A: Lactate production in NP69 and NP69-LMP1 cells. Cells were incubated in KSF medium at a density of 5 × 105 cells/mL for 24 hr. The lactate concentration in the medium was measured using an Accutrend Lactate Analyzer as described in Materials and Methods (mean ± SD of three experiments, * p<0.05). B: Comparison of glucose uptake in NP69 and NP69-LMP1 cells for 1 hr. Cells were incubated in glucose-free RPMI 1640 for 2 hr. Glucose uptake was detected by flow cytometry using a fluorescent deoxyglucose analog (2-NBDG). Each histogram is representative of three experiments. C: Oxygen consumption in NP69 and NP69-LMP1 cells (mean ± SD of three experiments, p = 0.5106). D: Comparison of lactate generation (left panel) and glucose consumption (right panel) in NP69-pZIPNeoSV(X)1 and NP69-pZIPNeoSV(X)1-LMP1 transient-transfected cells. Medium lactate and glucose concentration (nmol/L per 105 cells, mean ± SD of three experiments, * p<0.05) were measured as described in Materials and Methods. E: An inhibitor of glucose uptake, 3-bromopyruvate, was used to test the glucose uptake in NP69 and NP69-LMP1 cells. Each histogram is representative of three experiments. F: Effect of combining DPI and 3-bromopyruvate on lactate production in NP69-LMP1 cells. A volume of 30 μM 3-bromopyruvate completely inhibited lactate production in NP69-LMP1 cells. When combined with 3-bromopyruvate, 5 μM DPI treatment could not induce any increase in lactate (mean ± SD of three experiments). * p<0.05, DPI treated group vs untreated control group; ** p<0.05, 3-BrOP treated group alone or combined with DPI vs DPI treated group. G: Treatment with 0.3–30 μM DPI preferentially killed NP69-LMP1 cells compared to NP69 cells (mean ± SD of three experiments). H: Preferential killing of NP69-LMP1 cells by 5 μM DPI was detected by annexin V-PI staining and flow cytometry. The numbers under the plots indicate live cells with both low annexin V staining and low PI staining. Each histogram is representative of three experiments.
Fig 6.
NOX activation makes NPC cells vulnerable to the NOX inhibitor DPI.

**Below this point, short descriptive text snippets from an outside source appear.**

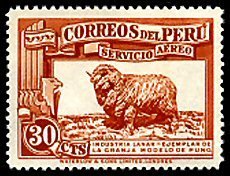 Merino (Ovis ammon aries)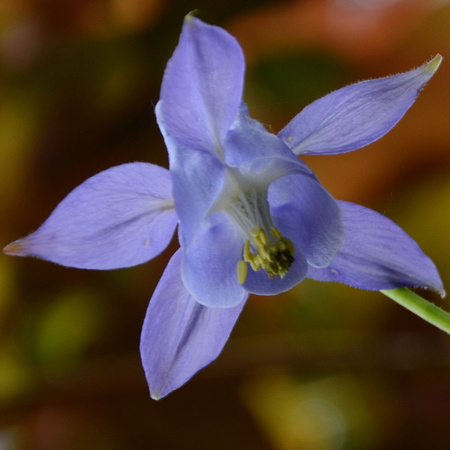 Columbine Blue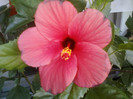 15 iulie 2012-flori 018
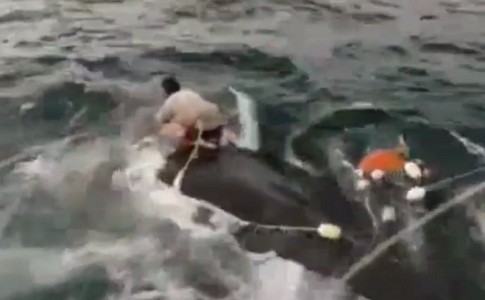 صیادان باوجدان بلوچ، بزرگترین حامیان محیط زیست دریایی/دریادلان چابهاری ناجی نهنگ گرفتار شدند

A: p22phox mRNA expression level was evaluated in NP69, NP69-LMP1 and CNE2 cells by RT-PCR and real-time quantitative PCR. LMP1 expression was detected in NPC cells and B95.8 B lymphoma cells. β-Actin served as a loading control (mean ± SD of three experiments). Compared to NP69 cells, NP69-LMP1 and CNE2 cells had significantly higher p22phox mRNA expression level (*p<0.01). B: Comparison of NOX activity and the effect of DPI on NOX activity in NP69, NP69-LMP1 and CNE2 cells, measured by a luminometer using lucigenin in the presence of NADPH (mean ± SD of three experiments). Compared to NP69 cells, NP69-LMP1 and CNE2 cells had significantly higher NOX activity (* p < 0.01). DPI treatment could significantly suppress NOX activity in NP69-LMP1 and CNE2 cells (** p<0.01). C: Mortality effect of 0.03–10 μM DPI on CNE2 NPC cells, evaluated using an MTT assay (mean ± SD of three experiments). DPI suppressed CNE2 cells proliferation. D: Mortality effect of 5 μM DPI on CNE2 cells, detected using annexin V-PI staining and flow cytometry. The numbers under the plots indicate the live cells with both low annexin V staining and low PI staining. Each histogram is representative of three experiments.